**DATA SECTION**
----------------------------------------

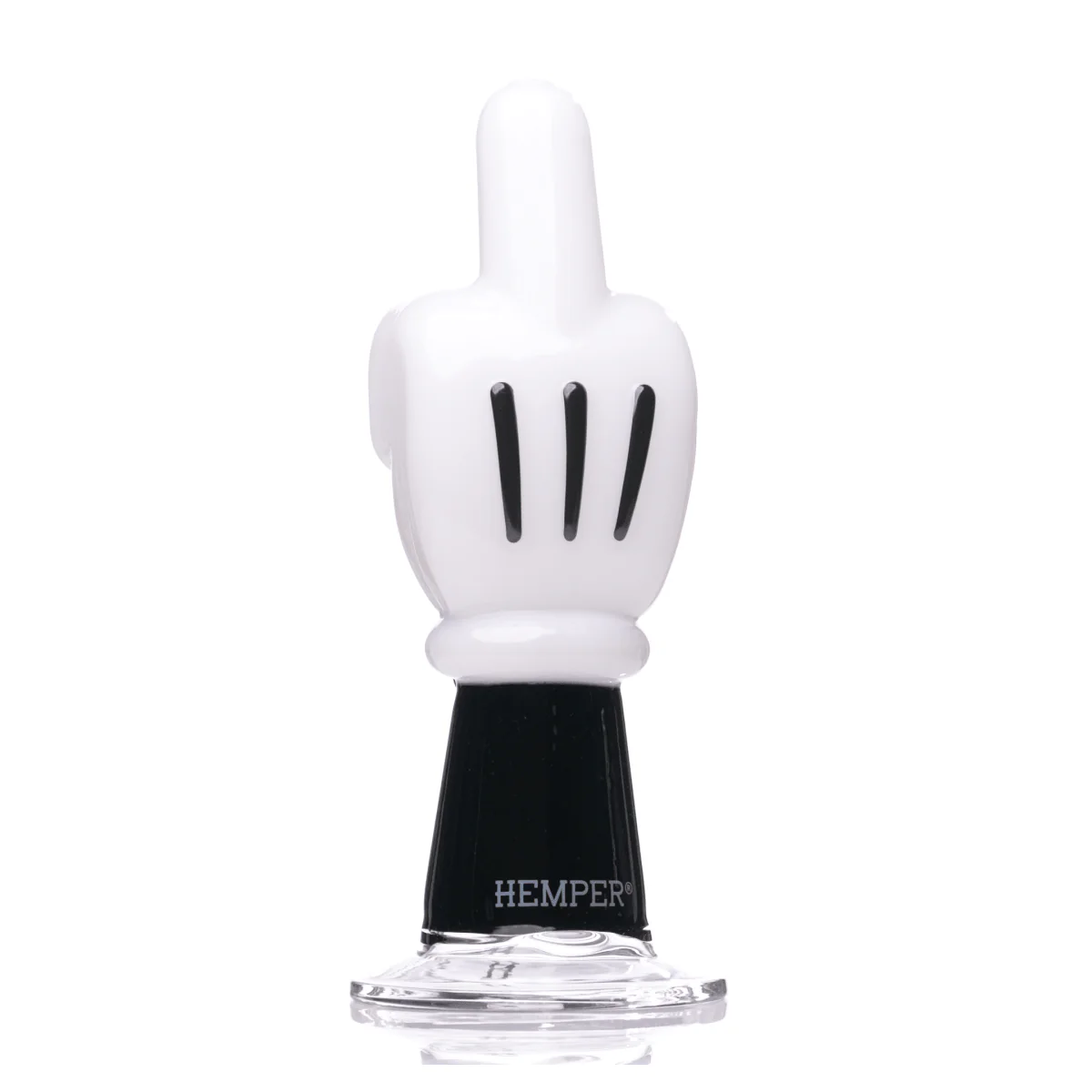 High Jinx Cartoon XL Bong - Image 10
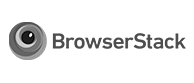 browserstack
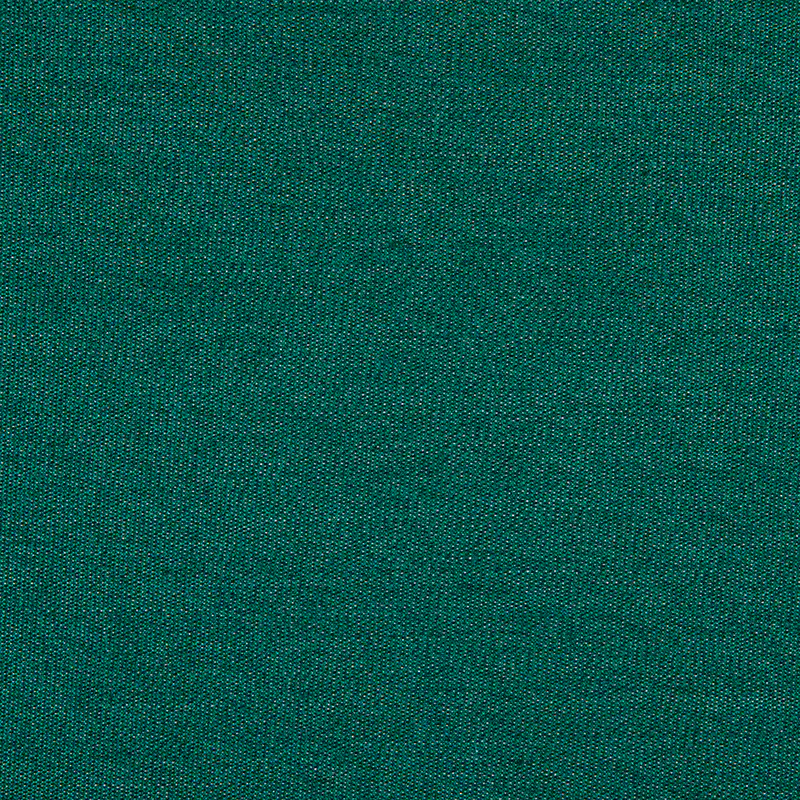 10 3821 AG LISO FORET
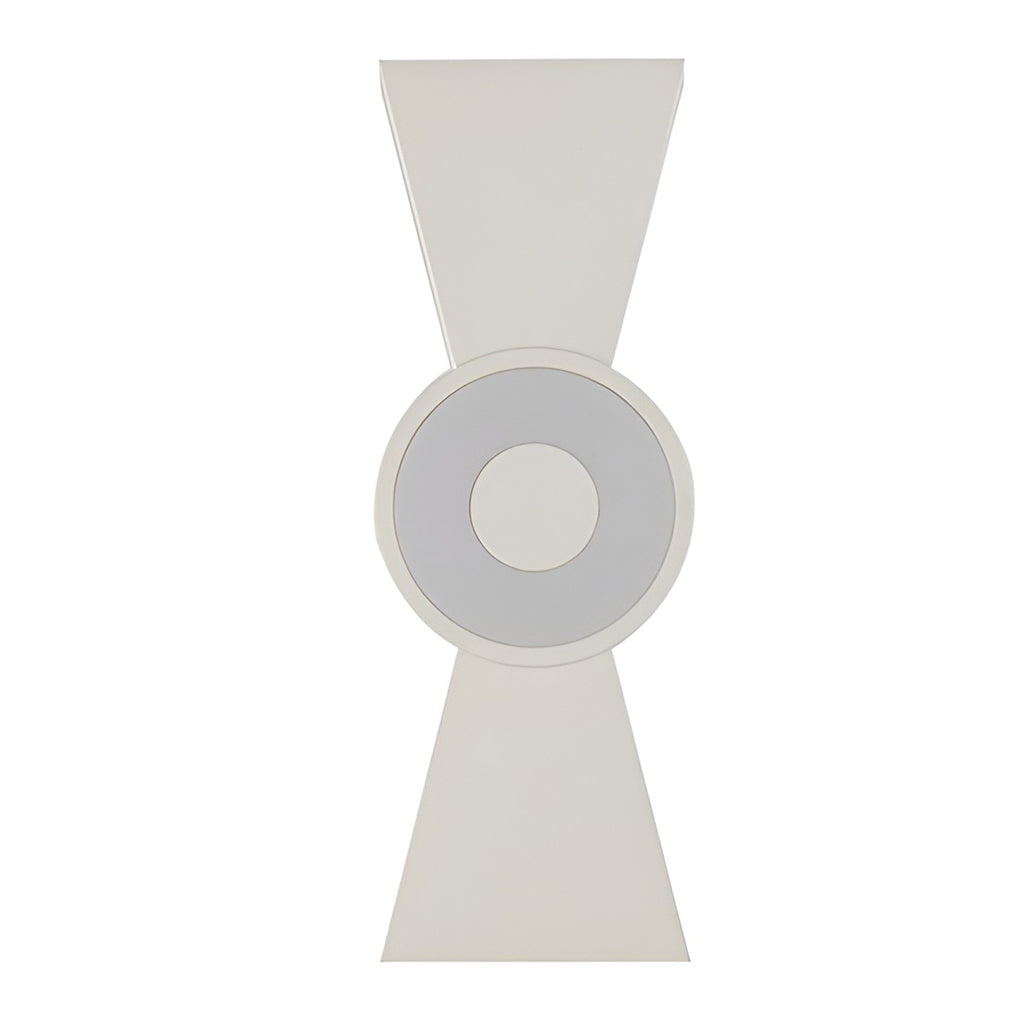 RAVENSCROFT AQUA BEAM WALL ILLUMINATOR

----------------------------------------

Without the pictures, repeat the listing exactly as it reads.

 High Jinx Cartoon XL Bong - Image 10
 browserstack
 10 3821 AG LISO FORET
 RAVENSCROFT AQUA BEAM WALL ILLUMINATOR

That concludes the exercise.